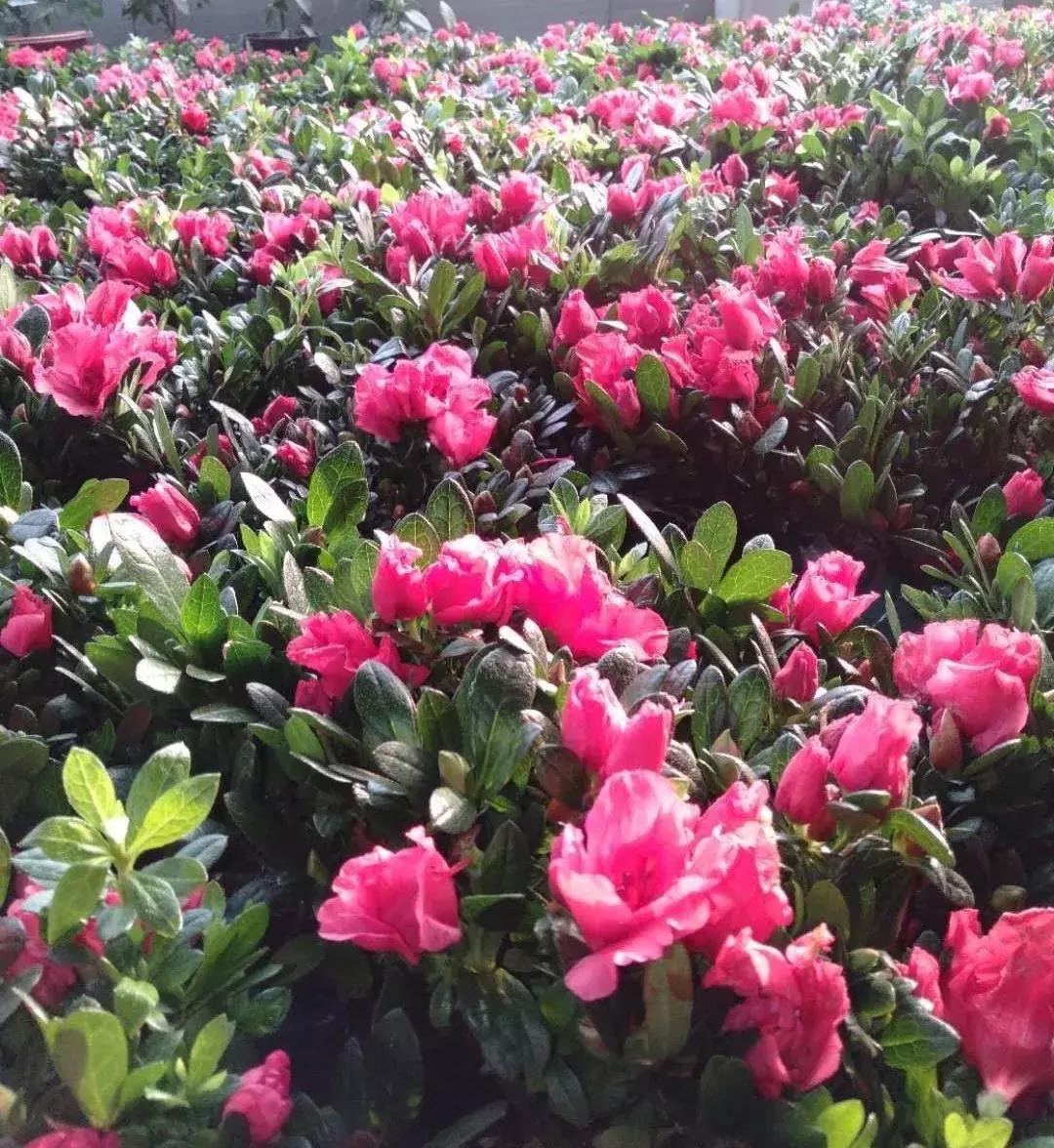 杜鹃怎么养才能爆开花,为什么都说杜鹃很厉害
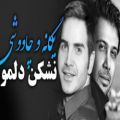 عکس محسن یگانه نشکن دلمو اجرا با ارگ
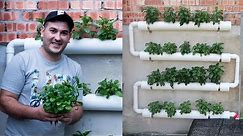 How To Make inexpensive Hydroponic System and start Hydroponics Garden At home 2021.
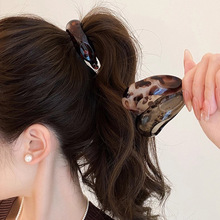 �Rβץ�AŤŤ�A�l�AŮ2025�¿�߶˰l�����㽶�A���X���Rβ�۰l��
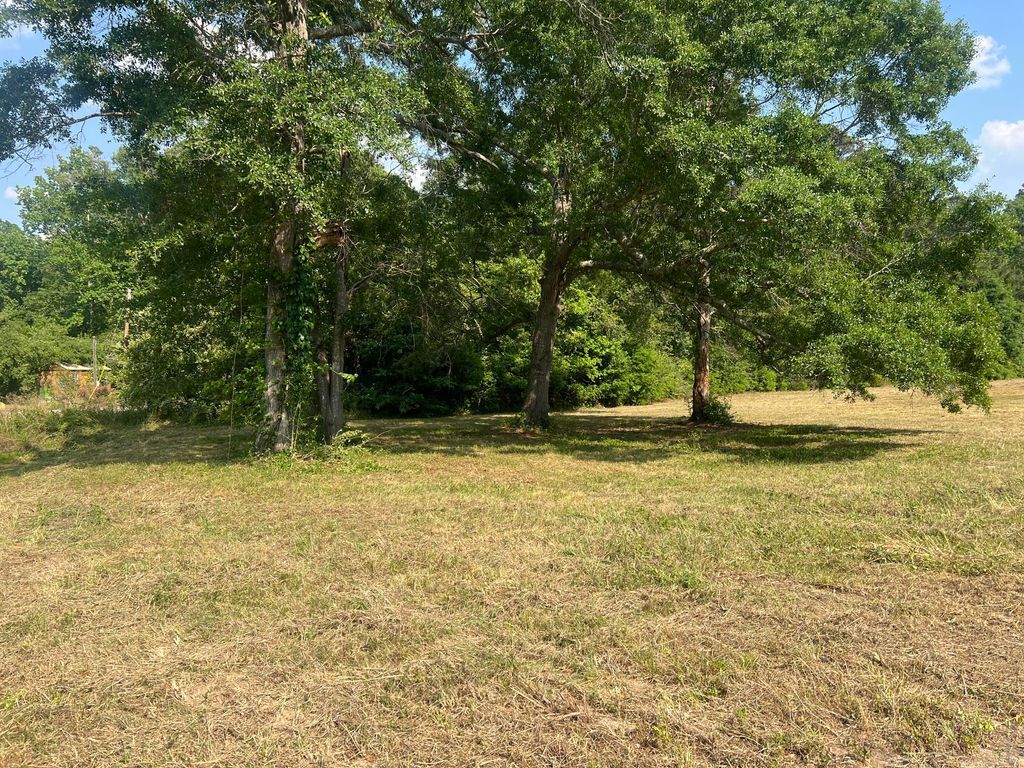 Photo of 323 Forrest Clary Drive, Thomson, GA 30824 (MLS # 554958)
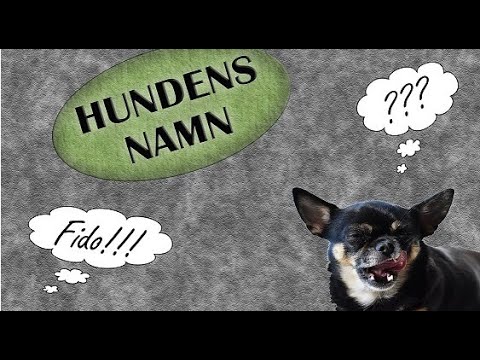 Namnträning av hund - YouTube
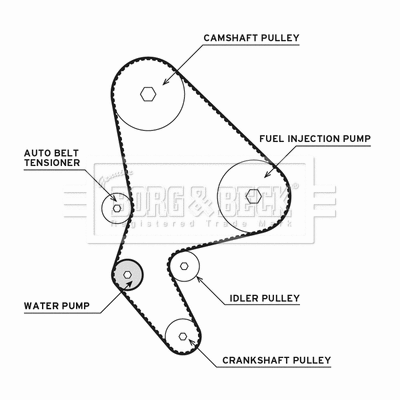 Water Pump & Timing Belt Kit (BTW1007)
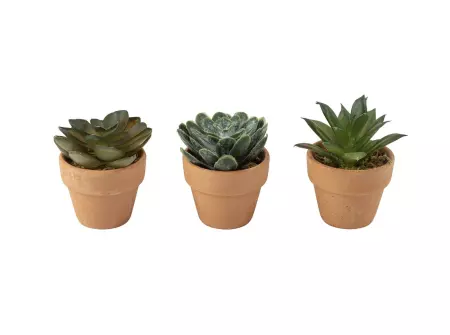 PLANTE GRASSE VERTE AVEC POT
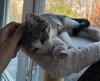 Bran - KITTEN in foster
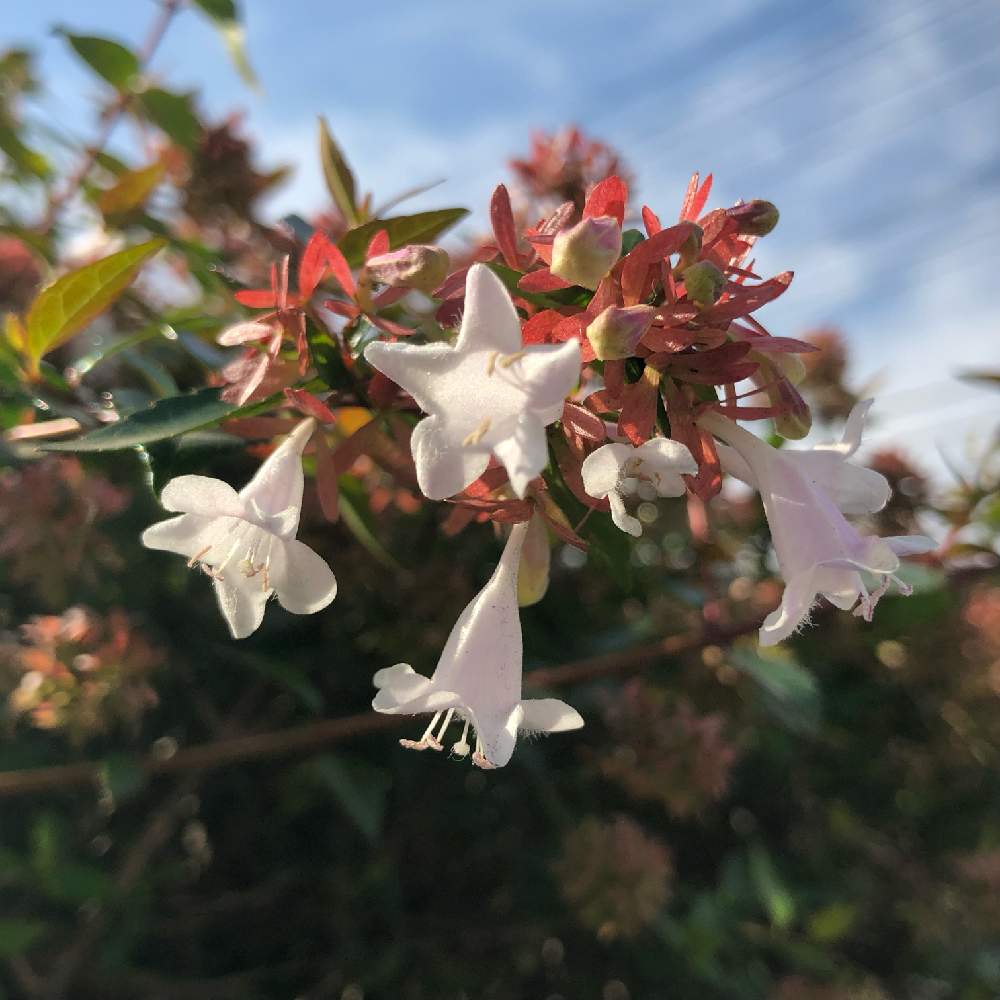 アベリアの投稿画像 By わき れーじさん お出かけ先と白い花と白い花 19月2月5日 Greensnap グリーンスナップ Greensnap グリーンスナップ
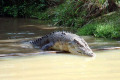 013-Agro-the-croc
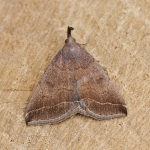 72.057 - Plumed Fan-foot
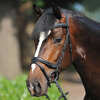 Kavalkade Bridle Ivy, noseband w/ flash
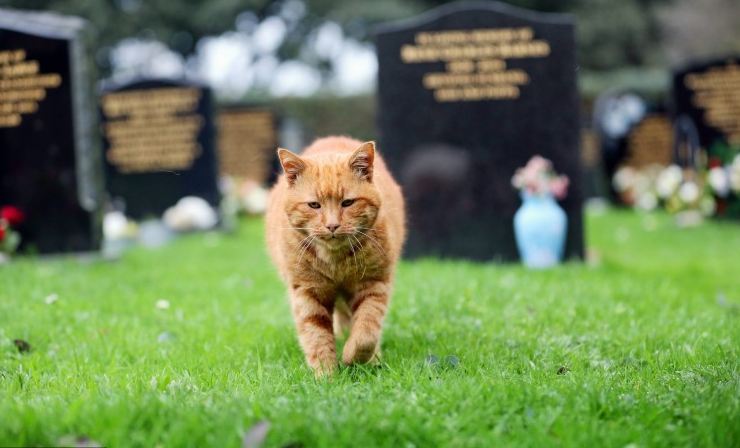 cemetery cat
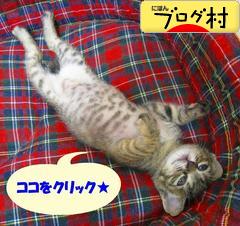 ブログランキング・にほんブログ村へ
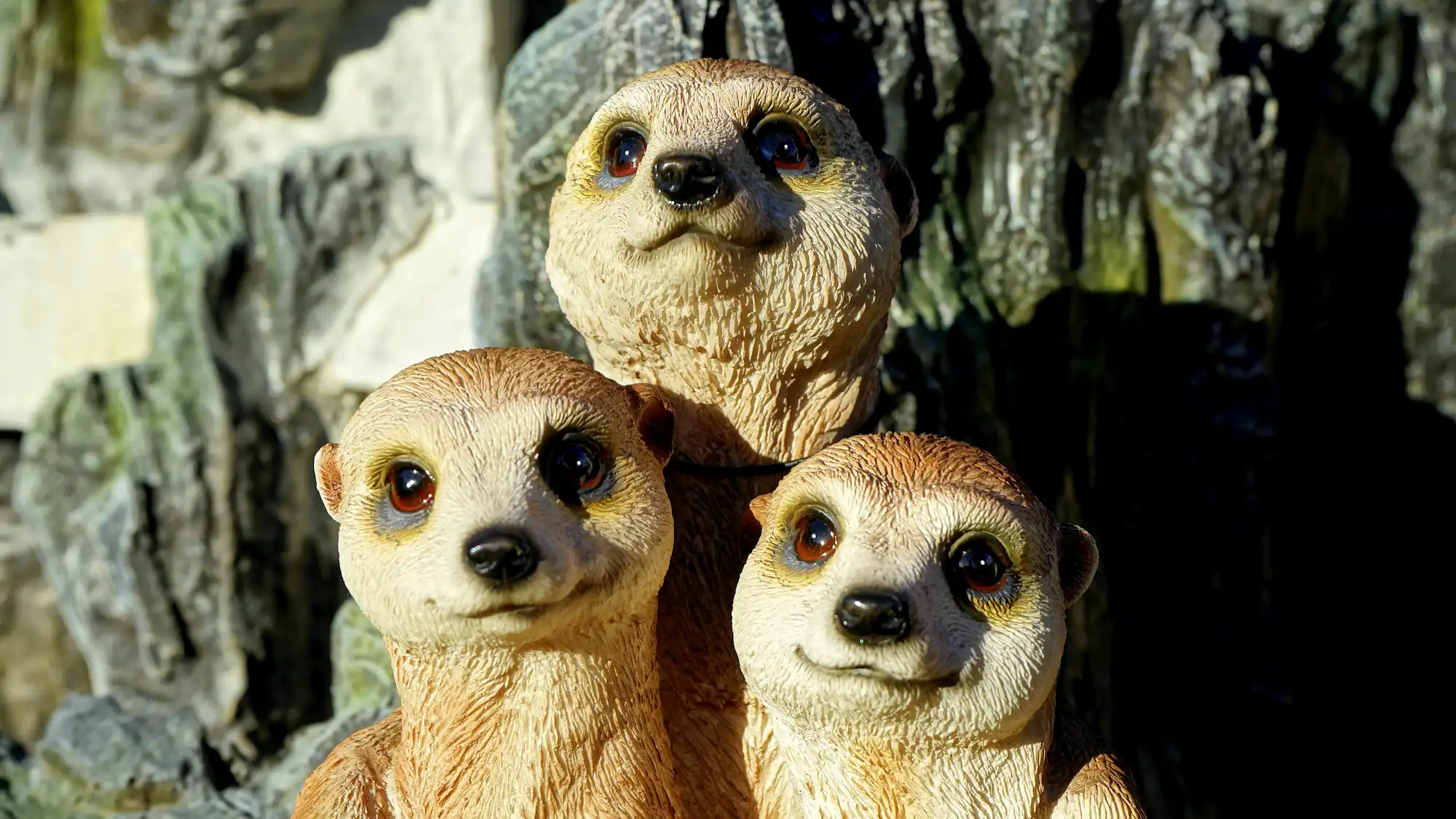 Meerkat figures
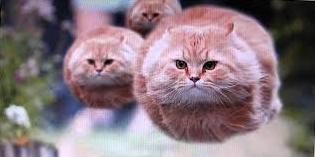 Статья 16 огромных и очень дружелюбных кошек Утренний город. Донецк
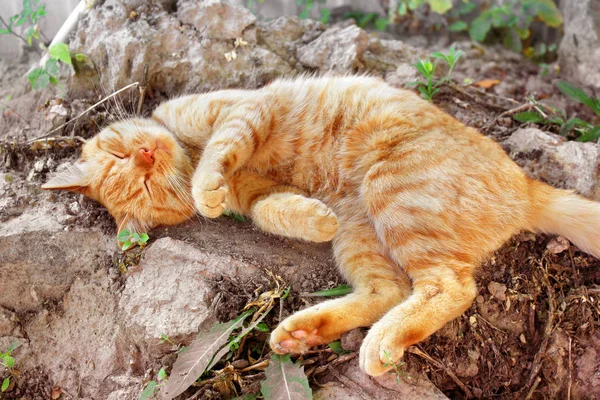 Güzel Kırmızı Kedi Yakın Çekim — Stok fotoğraf
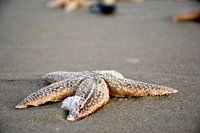 étoile de mer sur la plage
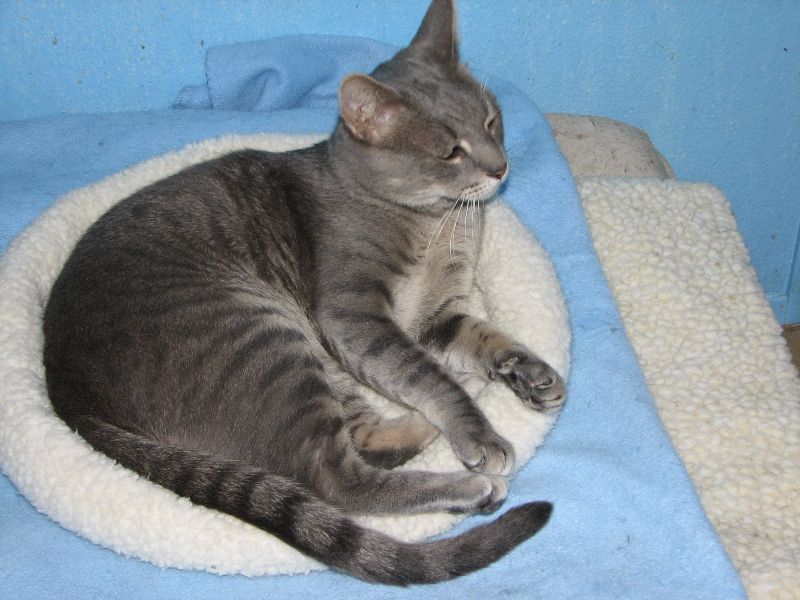 picture of Brody, a Domestic Short Hair gray tabby
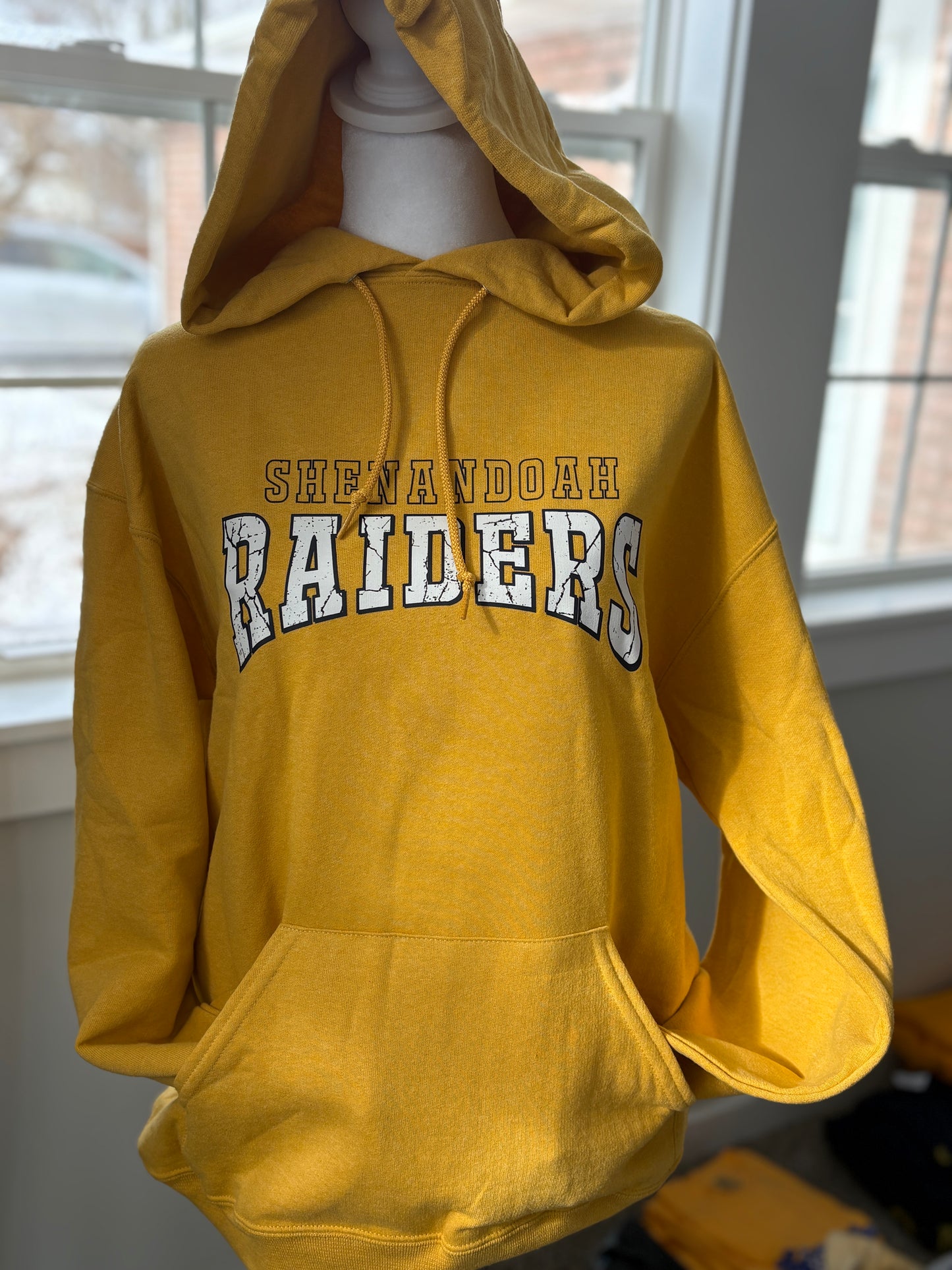 Shenandoah Raiders Rocks Hoodie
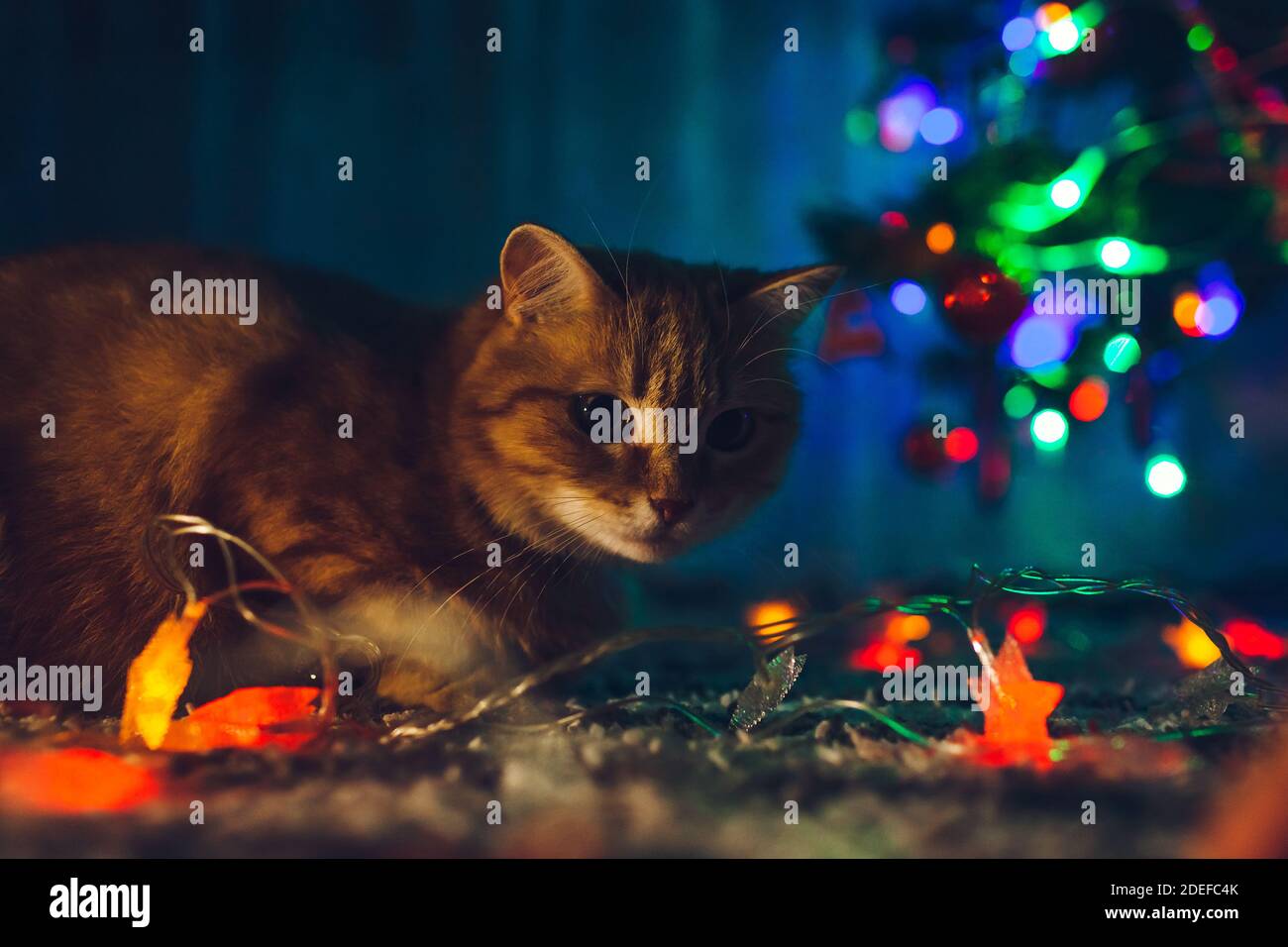 Ginger cat playing with garland lights under Christmas tree at home at night. Christmas and New year with naughty pet Stock Photo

====

What to produce -
The lines to repeat run from the line containing "étoile de mer sur la plage" through the last line of the material above; give them exactly, without the pictures.

Written answer -
 étoile de mer sur la plage
 picture of Brody, a Domestic Short Hair gray tabby
 Shenandoah Raiders Rocks Hoodie
 Ginger cat playing with garland lights under Christmas tree at home at night. Christmas and New year with naughty pet Stock Photo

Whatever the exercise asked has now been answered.